From prison, the confessions of Humbert Humbert, a 40- year old man with a weakness for 'nymphets', budding sirens 'between nine and fourteen', reach us. Looking for shelter in a sleepy American town, he discovers 12-year-old Dolores Haze - Lolita. To be able to stay near her, Humbert marries mother Haze. With sardonic pleasure, Nabokov leads Humbert and Lolita to the tragic denouement, taking them from one grubby motel to another in a compulsively hooking road movie. Lolita speaks of loss, exile and unfulfilled desire. It is the story of an impossible, ill-fated love: as she matures, the butterfly Lolita inevitably pupates into a caterpillar. Because of Nabokov's virtuoso prose, Lolita is inventive, brilliant, playful literature- nevertheless in my opinion not the ideal book as a first acquaintance with Nabokov, disconcerting it is because of the subject.

Nabokov himself was acutely aware of the difficulties in presenting his Lolita visually to the world:

After thinking it over, I would rather not involve butterflies. Do you think it could be possible to find today in New York an artist who would not be influenced in his work by the general cartoonesque and primitivist style jacket illustration? Who would be capable of creating a romantic, delicately drawn, non-Freudian and non-juvenile, picture for LOLITA (a dissolving remoteness, a soft American landscape, a nostalgic highway—that sort of thing)? There is one subject which I am emphatically opposed to: any kind of representation of a little girl.
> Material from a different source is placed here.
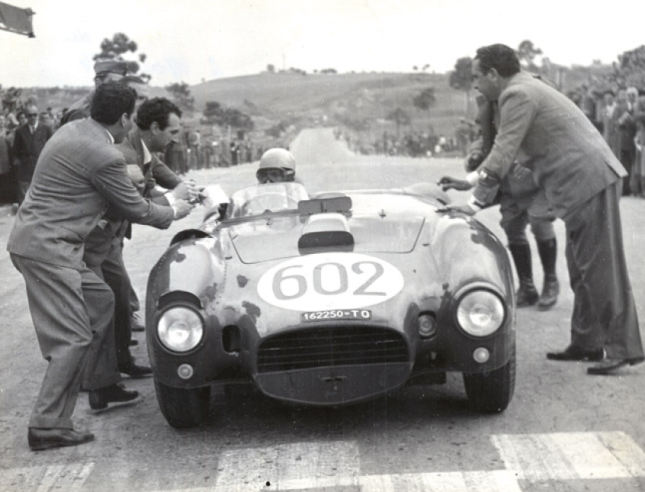 Le 2 mai 1954, Alberto Ascari remporte les Mille Miglia et la presse de l’époque parle de Lancia et du champion italien comme de “Lions” qui ont dominé la course. © IXO Collections SAS - Tous droits réservés. Crédits photo © Lancia D.R.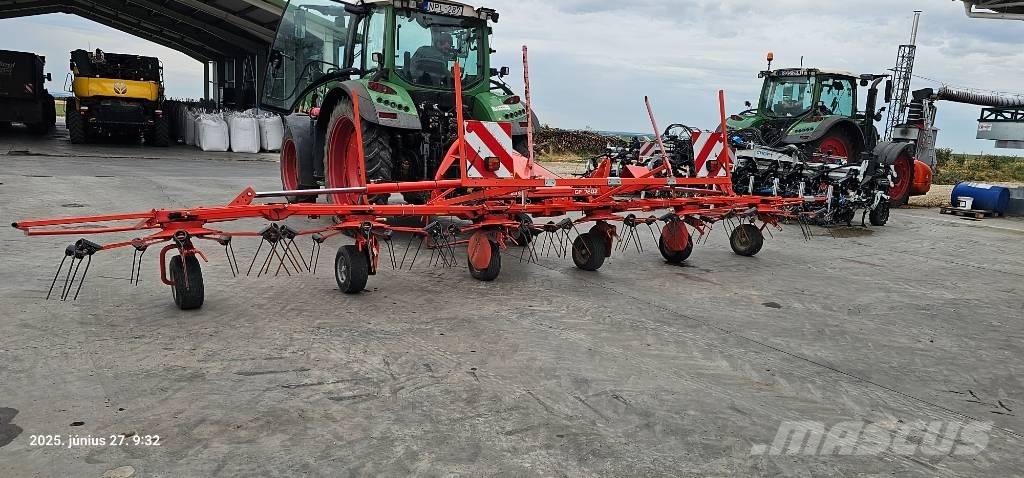 Kuhn GF 7802 耙與翻草機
In lieu of even trying to capture impressions by an illustration, here is a fascinating article dedicated to 60 covers of the novel as published through the years in various countries. More covers can be found on Covering Lolita.

I am partial to sobriety in the matter. Which cover would you choose?

******************************************************************************

n  Ik eis dat de wereld weet hoeveel ik hield van mijn Lolita, déze Lolita, bleek en bezoedeld, en zwanger van andermans kind, maar nog altijd grijsogig, nog altijd roetig gewimperd, nog altijd kastanje en amandel, nog altijd Carmencita, nog altijd van mij.n

In 1958 verscheen de eerste Amerikaanse versie van dit schandaalboek in de Verenigde staten.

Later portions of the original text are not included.